Starting with the line below that holds "5684 Western Sun" and stopping after the line that holds "Confident woman walking", transcribe the lines exactly, leaving out all pictures.
[RECORDS SHOWN Boundary: Start]
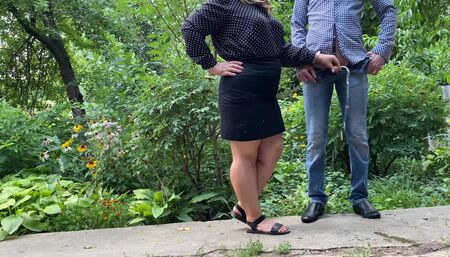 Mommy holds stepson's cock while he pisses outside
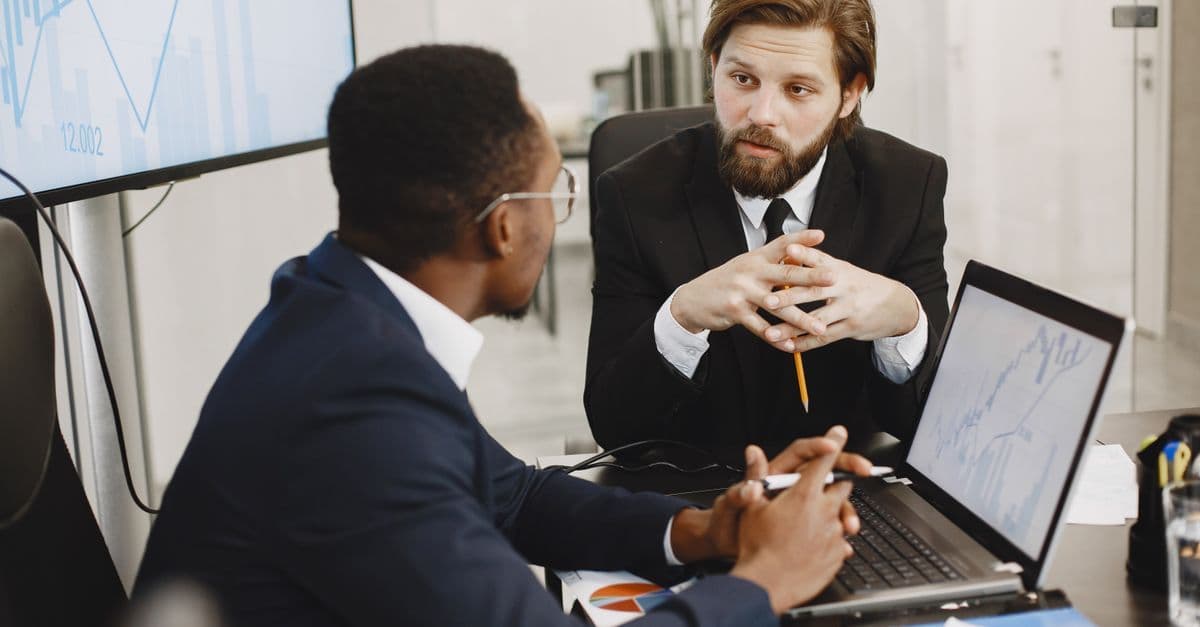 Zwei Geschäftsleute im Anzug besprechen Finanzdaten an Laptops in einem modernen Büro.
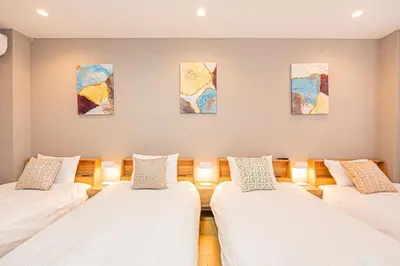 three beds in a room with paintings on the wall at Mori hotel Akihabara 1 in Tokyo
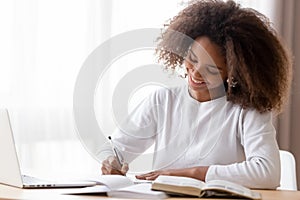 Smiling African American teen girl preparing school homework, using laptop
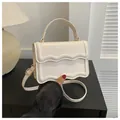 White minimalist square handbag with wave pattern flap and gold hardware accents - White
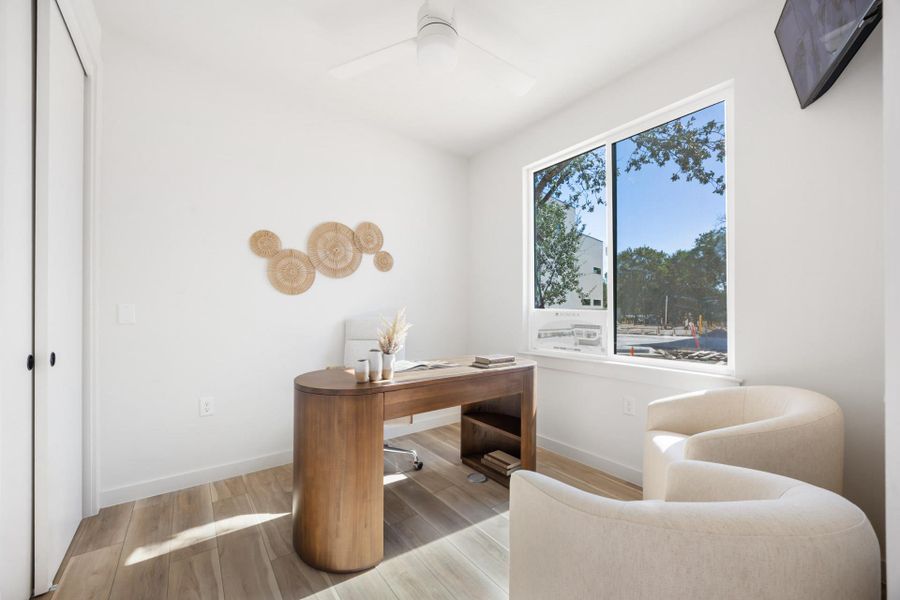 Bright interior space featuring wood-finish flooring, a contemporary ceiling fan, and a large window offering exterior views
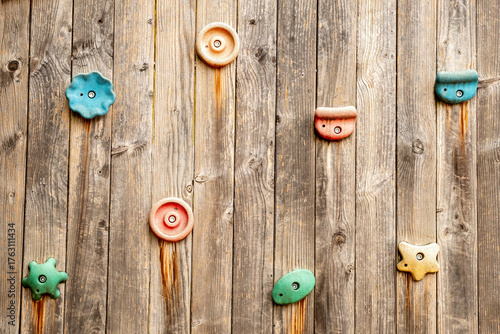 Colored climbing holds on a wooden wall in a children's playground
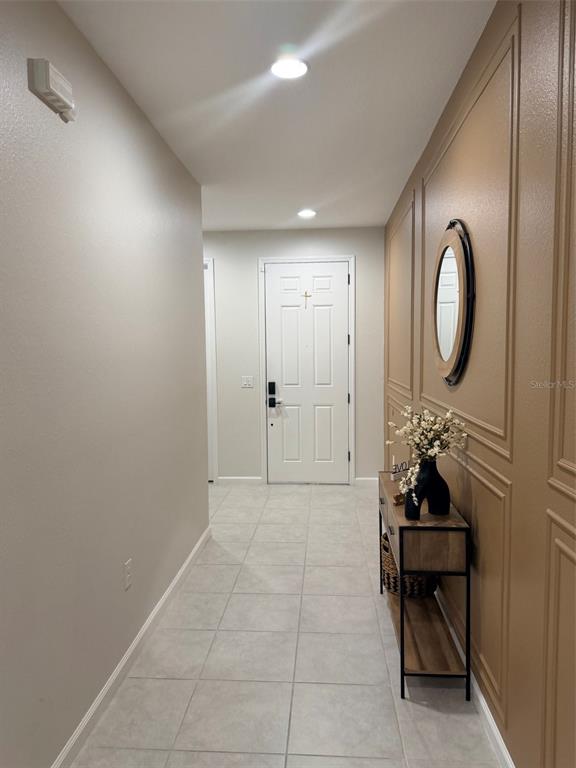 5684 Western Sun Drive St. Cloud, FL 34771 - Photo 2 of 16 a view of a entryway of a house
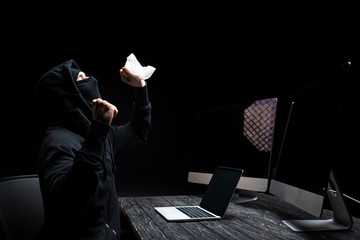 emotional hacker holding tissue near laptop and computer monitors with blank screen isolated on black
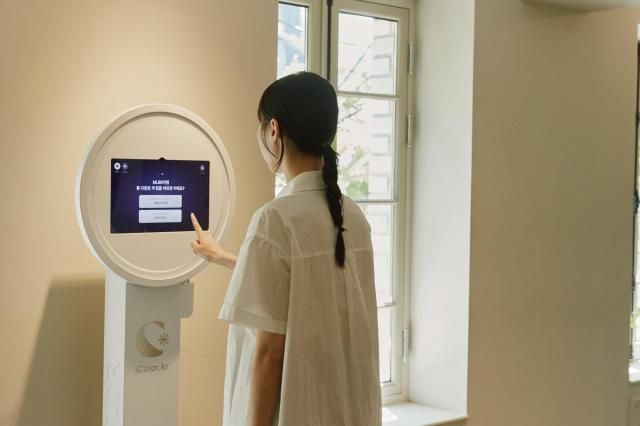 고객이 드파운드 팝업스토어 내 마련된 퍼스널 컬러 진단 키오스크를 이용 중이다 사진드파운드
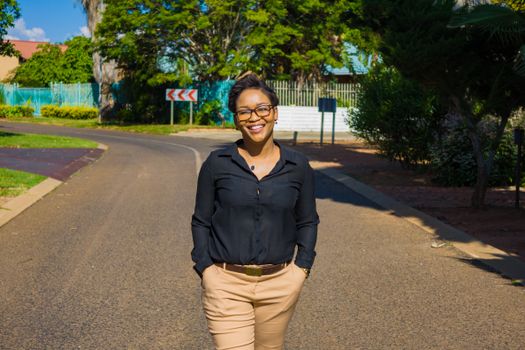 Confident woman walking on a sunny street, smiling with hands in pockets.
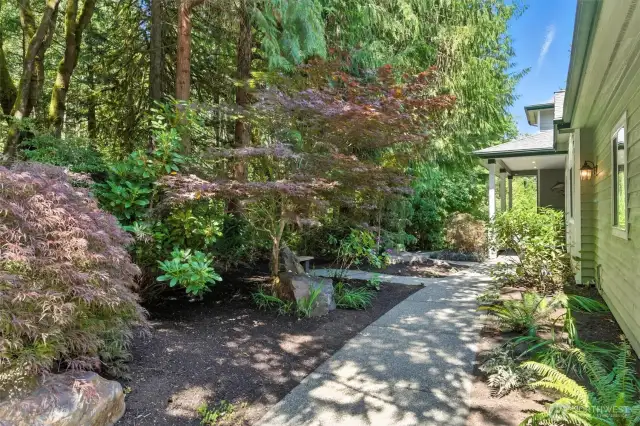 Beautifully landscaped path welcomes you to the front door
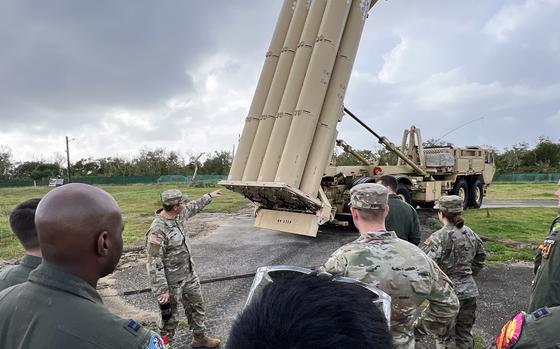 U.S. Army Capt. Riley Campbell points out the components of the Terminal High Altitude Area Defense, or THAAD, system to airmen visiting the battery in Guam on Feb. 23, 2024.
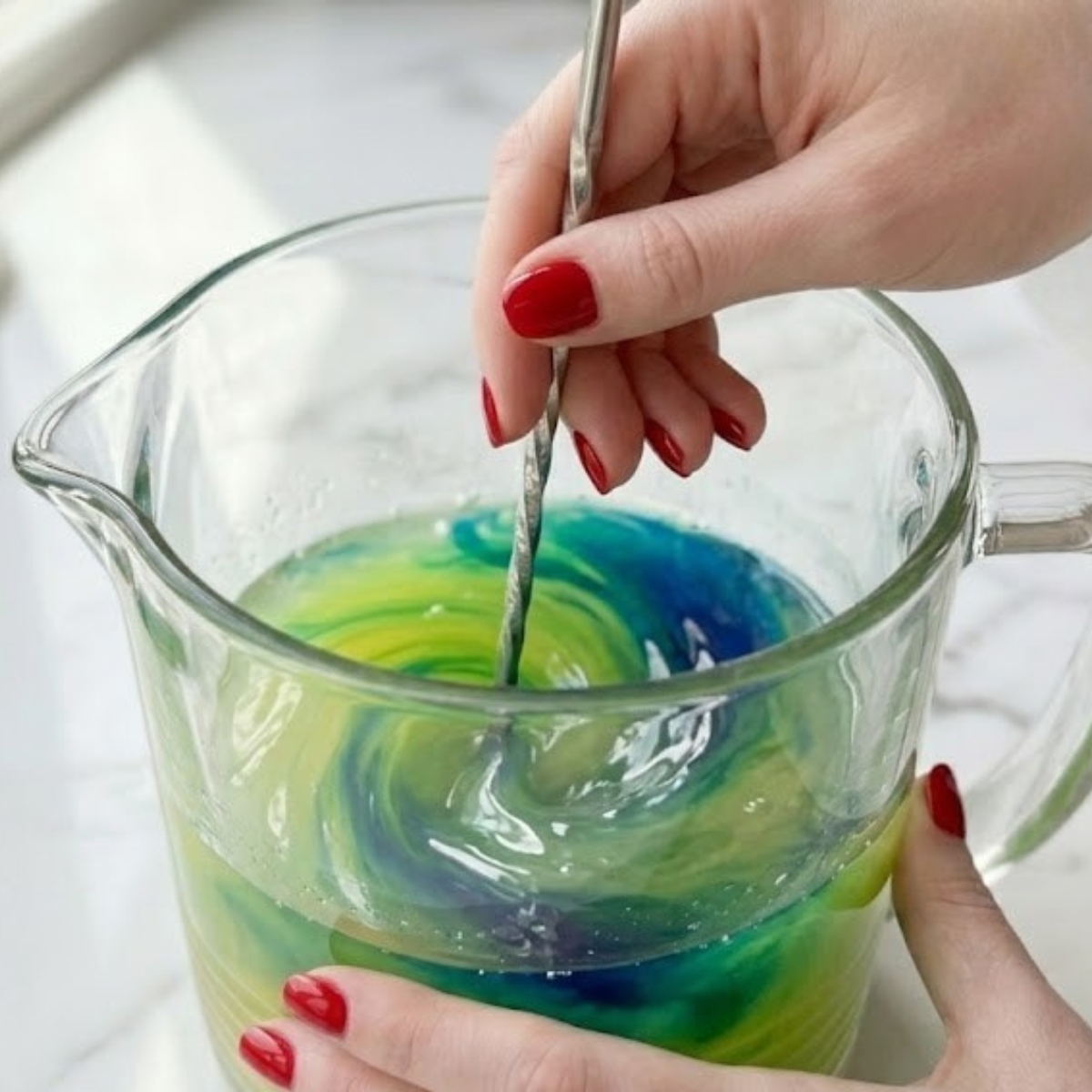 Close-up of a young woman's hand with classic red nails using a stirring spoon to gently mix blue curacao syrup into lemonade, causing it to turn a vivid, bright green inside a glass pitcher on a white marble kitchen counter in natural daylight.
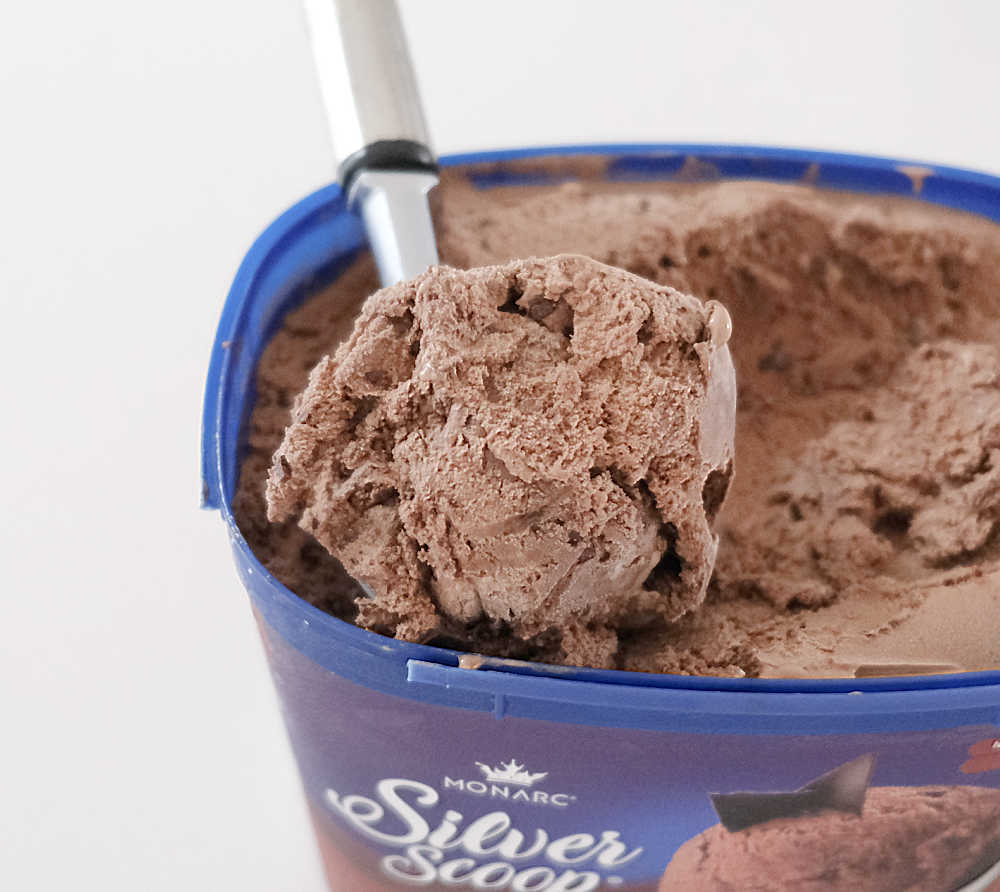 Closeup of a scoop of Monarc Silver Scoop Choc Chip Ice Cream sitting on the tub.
[RECORDS SHOWN Boundary: End]
→ **REPLY**:
 5684 Western Sun Drive St. Cloud, FL 34771 - Photo 2 of 16 a view of a entryway of a house
 emotional hacker holding tissue near laptop and computer monitors with blank screen isolated on black
 고객이 드파운드 팝업스토어 내 마련된 퍼스널 컬러 진단 키오스크를 이용 중이다 사진드파운드
 Confident woman walking on a sunny street, smiling with hands in pockets.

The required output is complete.